No One Watches their Kids Every Moment. Not Even Me.
Even in our relatively safe neighborhood on base, we have had a few scares. I understand the need for constant vigilance, because there are moments when I have not watched my children. I have four young children. The oldest is eight, and the youngest is two. Sometimes, going to the bathroom is the most dangerous part of my day. Just last week, I let the oldest play with a neighbor across the street. (She is allowed to do this often.) But this time, she didn’t close the front door behind her. In the time that I went to the bathroom, the toddler went out the front door, and into the street to follow her big sister. Luckily for me, no cars drove on the road in the moments that she was outside! But you can imagine the heart attack I had when I came out of the bathroom and discovered that the toddler was in the road! Obviously, we all had a talk about keeping the door closed and locked. But can you imagine how much harder this situation would have been if a neighbor had seen my toddler in the street and called the police? What would your neighbors do if this had happened in your neighborhood?
Are Military Children Safer in Military Base Housing?
Families might be more relaxed on base then they would be in a neighborhood off-base. But that doesn’t mean there are no rules for children’s safety. Living in base housing has given me some puzzling moments where I scratch my head wondering why children are running around the neighborhood unattended. When I first moved onto a military base, we had a kindergartner come to our door on our first day there. She asked if she could come in and play. I had no idea where she lived or who her parents were, so I didn’t feel comfortable letting her inside. Then I watched her walk to the next house and ask to play with them! I soon learned that she lived two doors down, and her parents didn’t mind if she played in neighbor’s houses. Now I know that this is a common occurrence in military base housing. Many of the neighborhood kids play in each other’s houses or play together at the public park without parent supervision. Because I have a toddler, I still have to accompany all my children to the park. But sometimes, there are more than 10 children there, and I am the only adult! Different families have their own rules and standards about when their children can play unsupervised. Bu if we see something dangerous (like a toddler wandering in the street), we should probably first try to rescue the child and return them to their parents, instead of jumping to call the police and get the parents in trouble. If we are going to treat base housing like a village, then the “it takes a village” mentality applies to child supervision, too.
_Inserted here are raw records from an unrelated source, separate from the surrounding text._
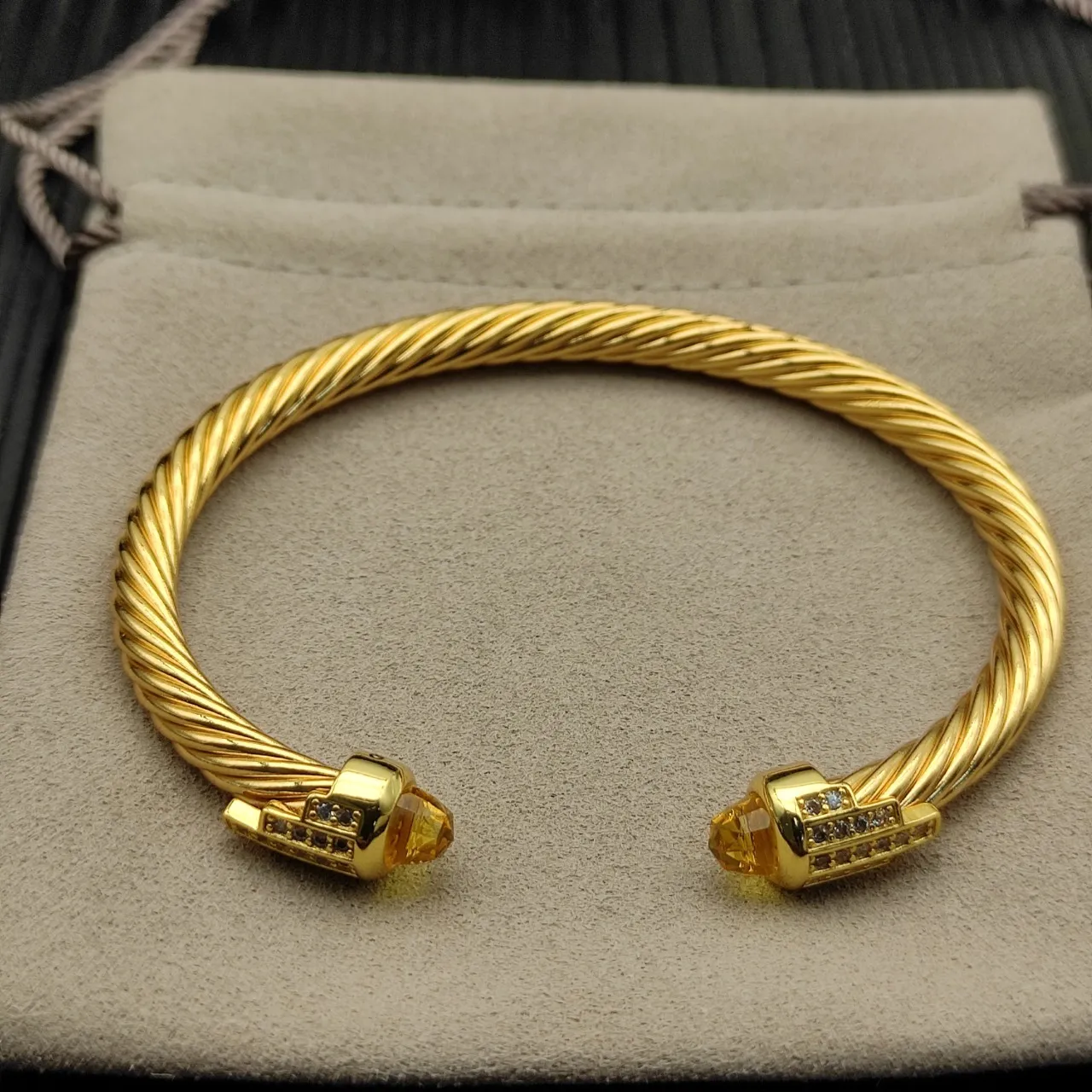 David Yurman Cable Classics Gold Yellow Twisted Bracelet 8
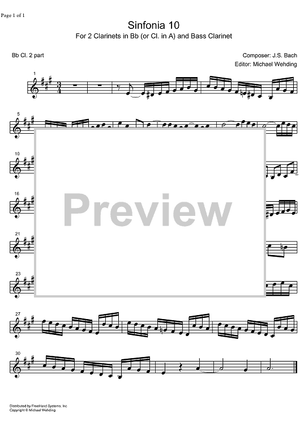 Three Part Sinfonia No.10 BWV 796 G Major - B-flat Clarinet 2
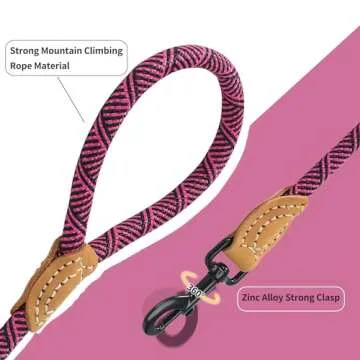 Mile High Life | Mountain Climbing Dog Rope Leash with Heavy Duty Metal Sturdy Clasp | Genuine Leather Tailored Connection with Strong Stitches (Hot Pink, 60 Inch (Pack of 1))
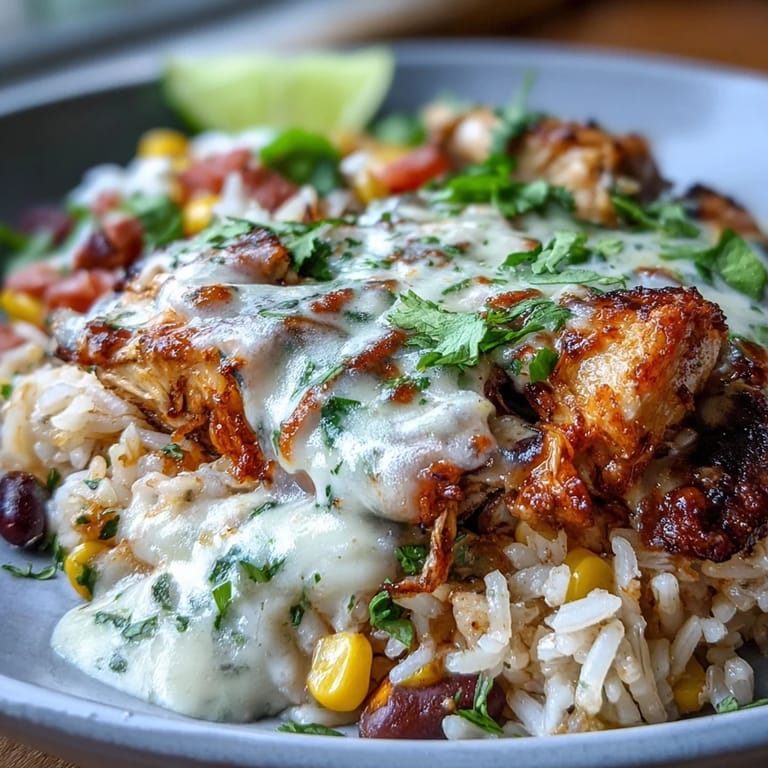 A serving of Pollo Loco Mexican Chicken and Rice with Queso in a skillet, garnished with fresh cilantro and lime wedges for brightness.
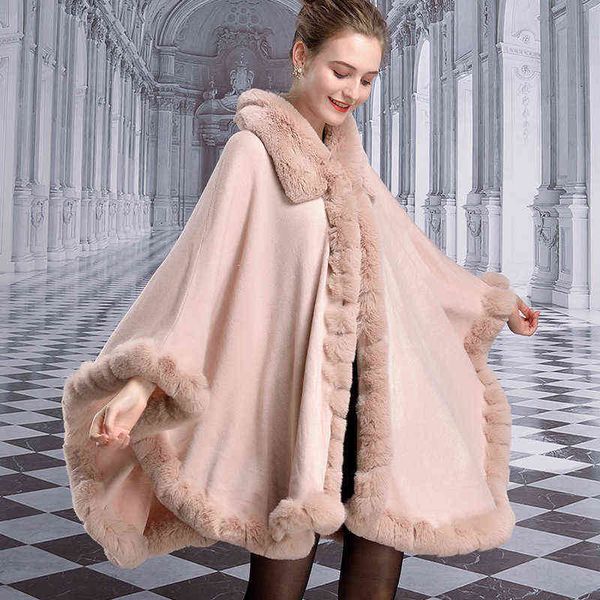 women's down parkas winter cape women faux rabbit fur big turn-down collar shawl cape plus size loose warm thick cardigan poncho cloak, Black
women's down parkas winter cape women faux rabbit fur big turn-down collar shawl cape plus size loose warm thick cardigan poncho cloak, Black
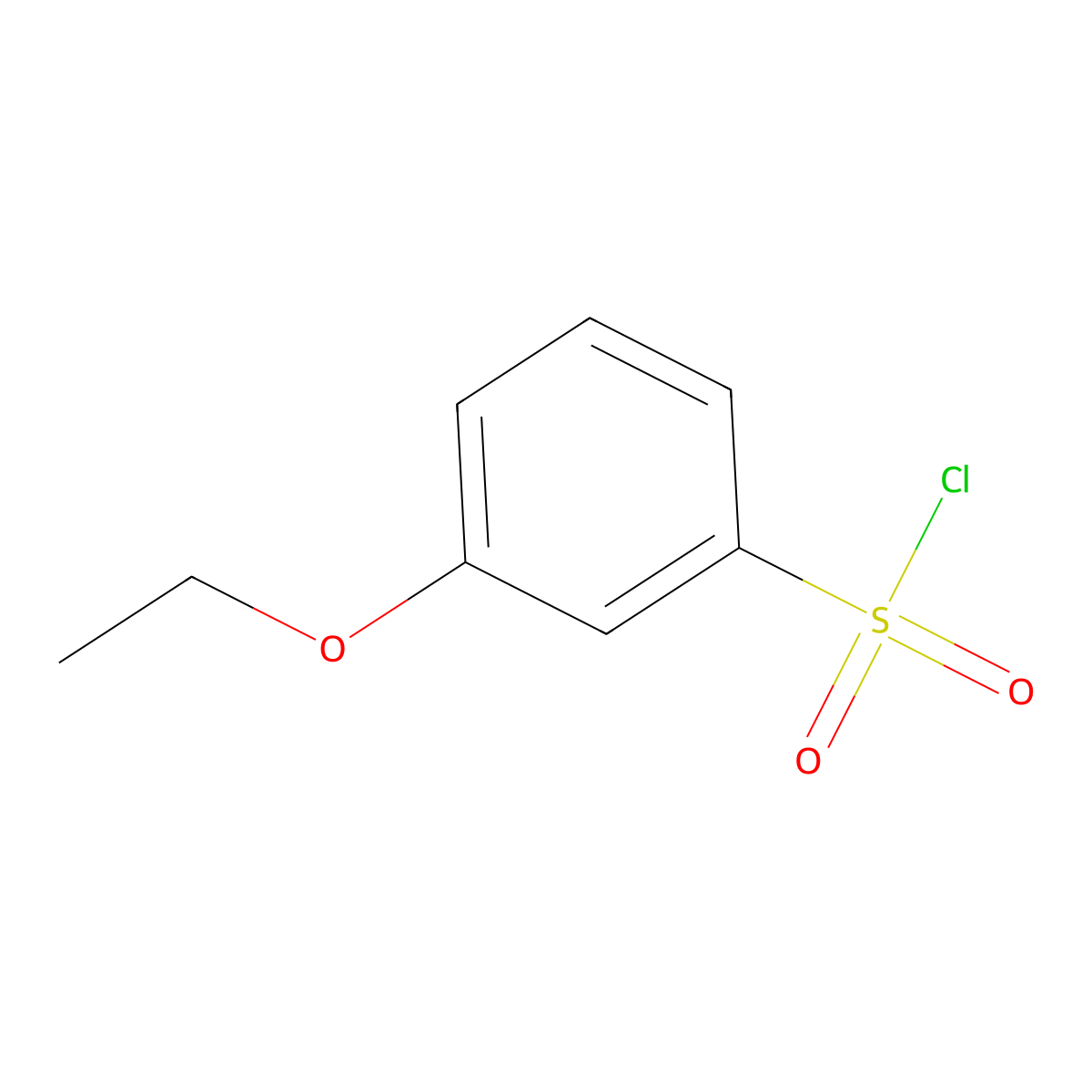 3-Ethoxybenzene-1-sulfonyl chloride molecular structure, CAS 69129-60-8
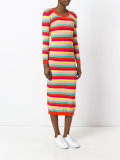 striped round neck dress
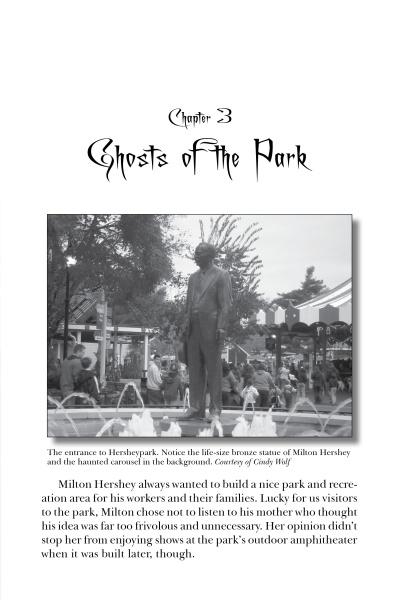 Chapter title Ghosts of Hershey and Vicinity above a black-and-white photo of Hersheypark’s entrance, with Milton Hershey’s statue and carousel, evokes paranormal tales from Hershey, Pennsylvania. Published by Schiffer Publishing, Ltd.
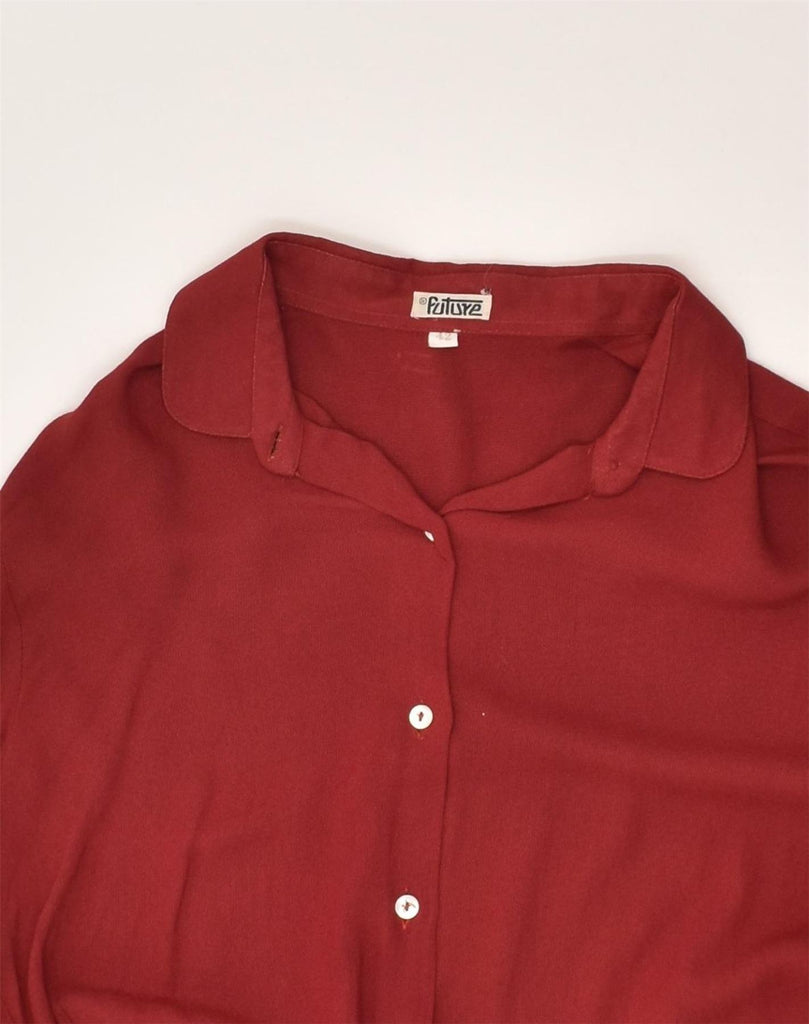 VINTAGE Womens Shirt Blouse IT 42 Medium Red Viscose | Vintage Vintage | Thrift | Second-Hand Vintage | Used Clothing | Messina Hembry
Sometimes, I feel like we all live in fear of someone making a phone call to Child Protective Services about us. Living on a military base can be like living in a fishbowl. Everyone knows your name, your rank, and your address. For the most part, military neighbors are very helpful, and the most supportive community I have ever met. But sometimes, they can be a little bit too nosy. Whether you are a helicopter parent or a free range parent, there will always be someone who disagrees with your parenting style and thinks you are doing it wrong. Maybe we all need to agree to some basic guidelines for children’s safety on base.
Rules to Keep Children Safe on a Military Base
What rules or guidelines can be used to keep military kids safe on base? Well, most military installations have their own standards, which vary because of different state laws. In some cases, “supervision” could be an older sibling. In other cases, a parent should be present. What do you think about these guidelines?
- Children under age 6 should not be in common areas (base parks, playgrounds, and cul-de-sacs) without supervision.
- Children under age 6 should not walk to and from school alone.
- Children under 8 should not be left in a car unattended
- Children under the age of 10 should not be left home alone.
- Children shouldn’t knock on neighbor’s doors until their parents have met the neighbor.
- No children should play in the street, unless it is a cul-de-sac and they are old enough to get on a sidewalk when cars approach.
- Children should not play in a neighbor’s yard or driveway without asking.
- Older children should be taught that it is wrong to deface public property, throw things at cars, or harass dogs inside fences. Doing so could cause them to be reported and/or punished.
Do you follow these basic rules with your children? What works on your base?